Wrong, Bogus Tests Can Have Life-and-Death Consequences

The misdiagnoses of serious conditions may have serious consequences. False-positives can lead to unnecessary or wrong treatment; false-negatives can result in failure to get or a delay in needed treatment. Fake tests scam the public for profit, and false claims are simply fraud. One product that claimed to detect fetal abnormalities by examining the mother’s DNA was prone to high levels of false-positives, which may have led to unnecessary abortions, the FDA said.

Lack of Oversight Stems from Outdated Law

The reason these tests aren’t regulated is because the law has not caught up with technology.

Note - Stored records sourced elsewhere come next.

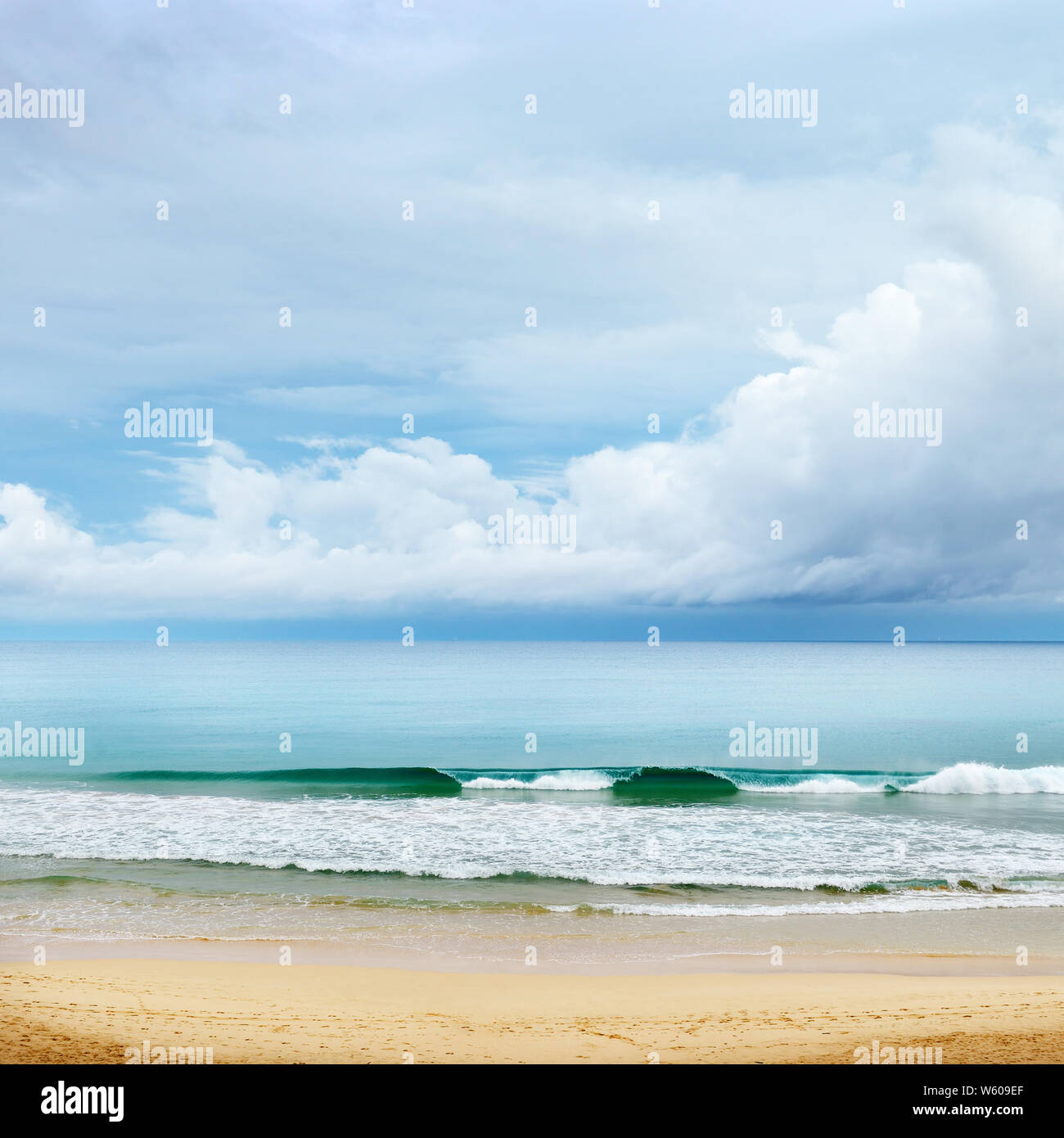 La costa de la playa de arena, olas altas y las nubes blancas en el cielo azul Foto de stock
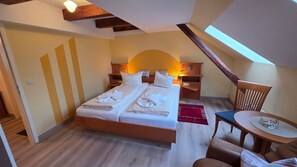 Une chambre à coucher avec un lit, des tables de chevet, une chaise et une petite table.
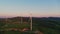 Aerial view of windmills standing on green field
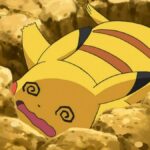 Pikachu fainted, looking worn out on the ground in the Pokemon anime.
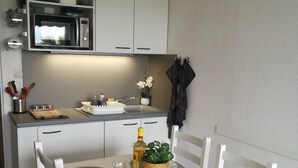 A compact kitchen with white cabinets, a microwave, and a small countertop. There is a dining table set with plates, glasses, and a bottle of olive oil. - Beachfront apartment with pool, air conditioning and wifi (Frontignan)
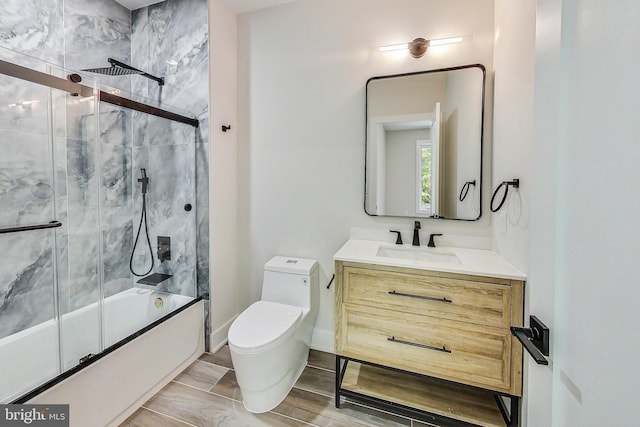 full bathroom with vanity, combined bath / shower with glass door, and toilet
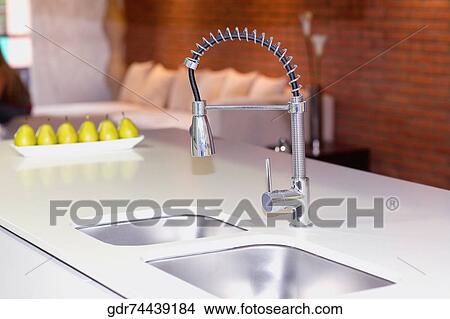 Faucet on a kitchen sink View Large Photo Image Picture - Faucet on a kitchen sink. Fotosearch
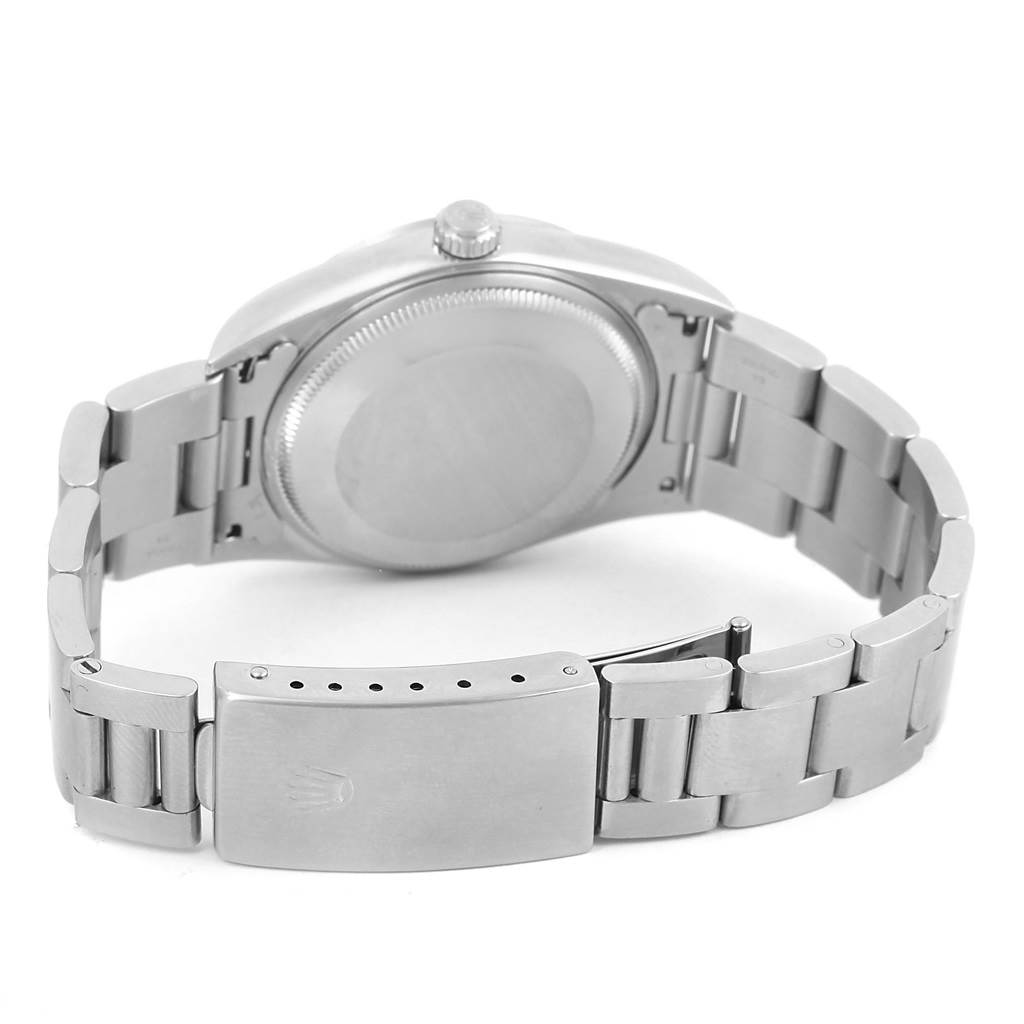 This image shows the back and clasp of the Rolex Air-King 14000 Men's Stainless Steel Silver Dial 14000 Men's Stainless Steel Silver Dial watch, highlighting its stainless steel case and bracelet.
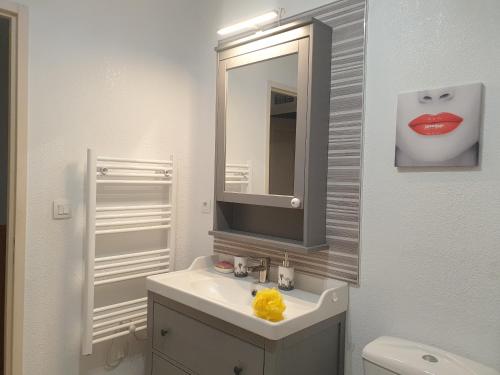 a white bathroom with a sink and a mirror at Casa di u sole in Santa-Maria-Poggio
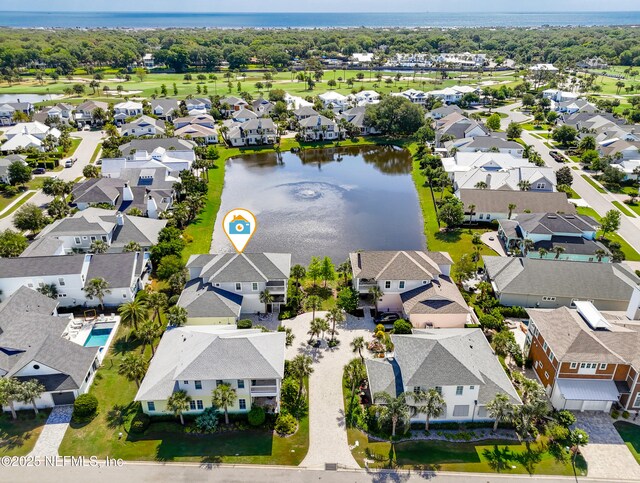 birds eye view of property with a water view and a residential view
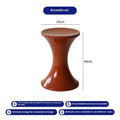Hourglass-shaped plastic shoe changing stool in green colour on a wooden floor.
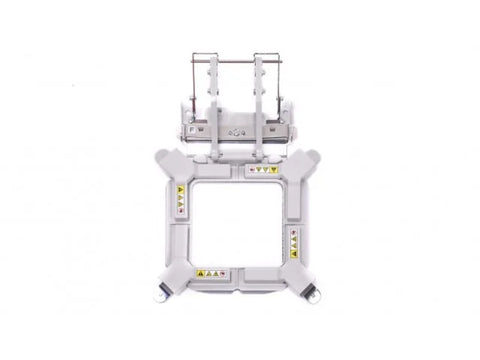 A white 4x4 inch magnetic embroidery frame with a metal frame holder.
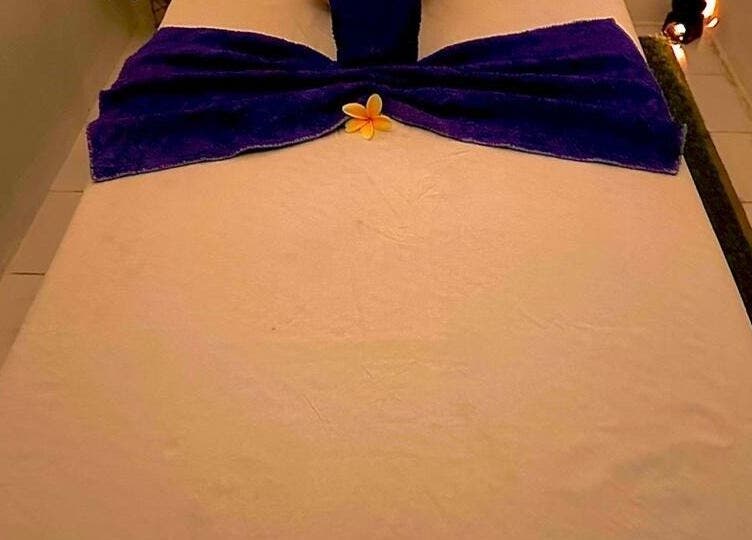 Relaxing massage table at D' Paradise SPA, Bali, Bali, ID with purple towel and yellow flower.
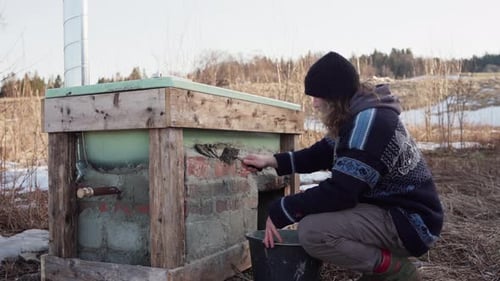 Young Adult Builds Outdoor Bathtub in Rural Setting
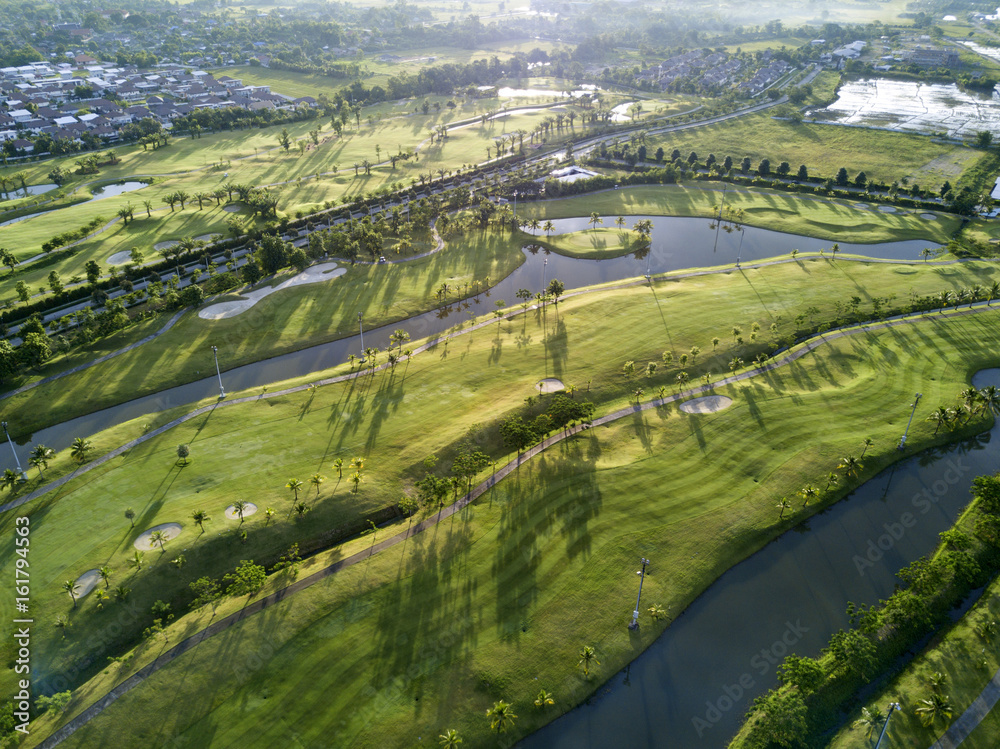 Aerial view of the green golf course in Thailand.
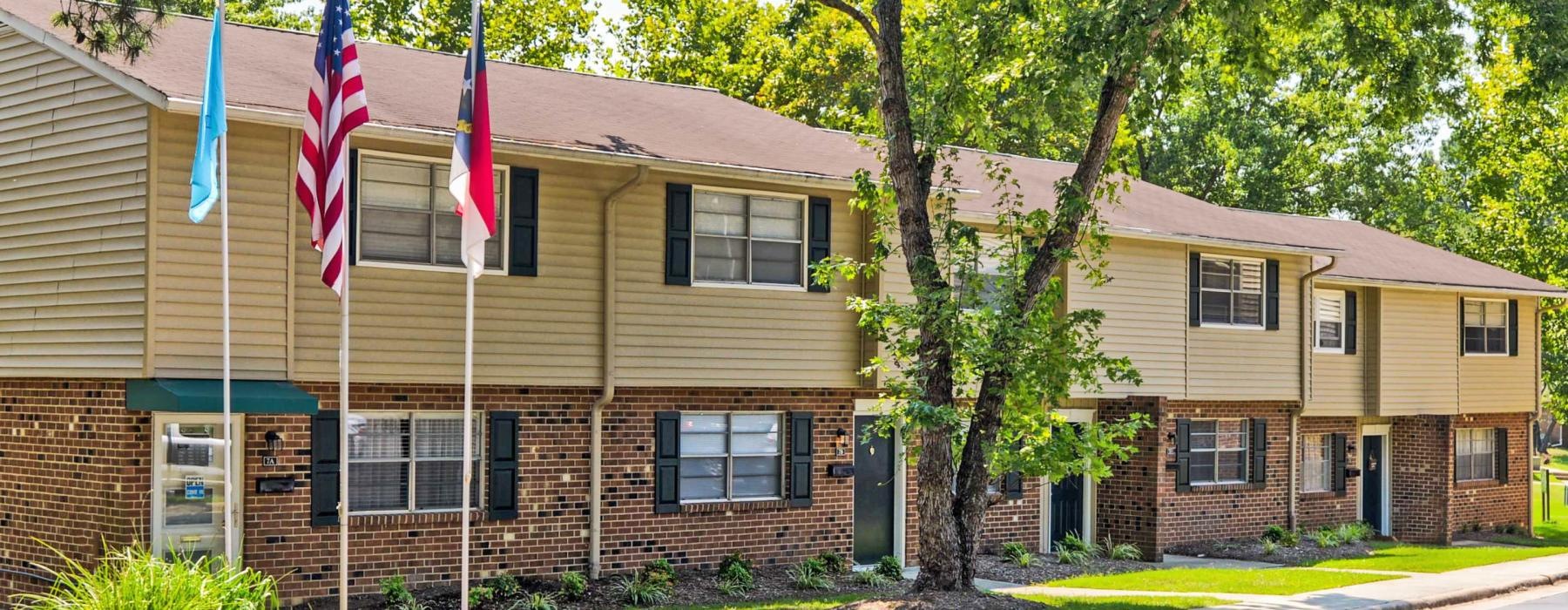 a building with flags on the front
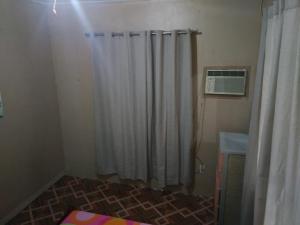 a bathroom with a shower with a shower curtain at Fleetwood Suites in Santo Tomas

Products produced by a single laboratory were excluded from FDA oversight in the mid-1970s. There weren’t very many of them. Single-product laboratories existed mostly in hospitals where they formulated a single drug for a select group of patients. Since then, their numbers have exploded. For one thing, advances in genetic engineering have fueled a huge growth in genetics-based testing.

Today, hundreds of diagnostic testing products are produced in stand-alone labs and are offered for sale to doctors or to the public at large. Unlike commercial labs that produce many products, the companies offering these tests are not required to:

  • Gather and report evidence of adverse events
  • Provide proof that the test does what it claims to do
  • Provide proof that the product does not represent an unacceptable risk to patients
  • Use only truthful statements in marketing

This is an oversight with an easy solution.

The FDA has made a proposal to Congress that laboratory diagnostic tests (LDTs) be brought into the federal fold and regulated just like at commercial, multi-product laboratories. This action will help separate the poor-to-harmful products from the safe, effective ones. The LDT industry itself should welcome this oversight. Congress should immediately approve the FDA’s plan and put a rush on its implementation.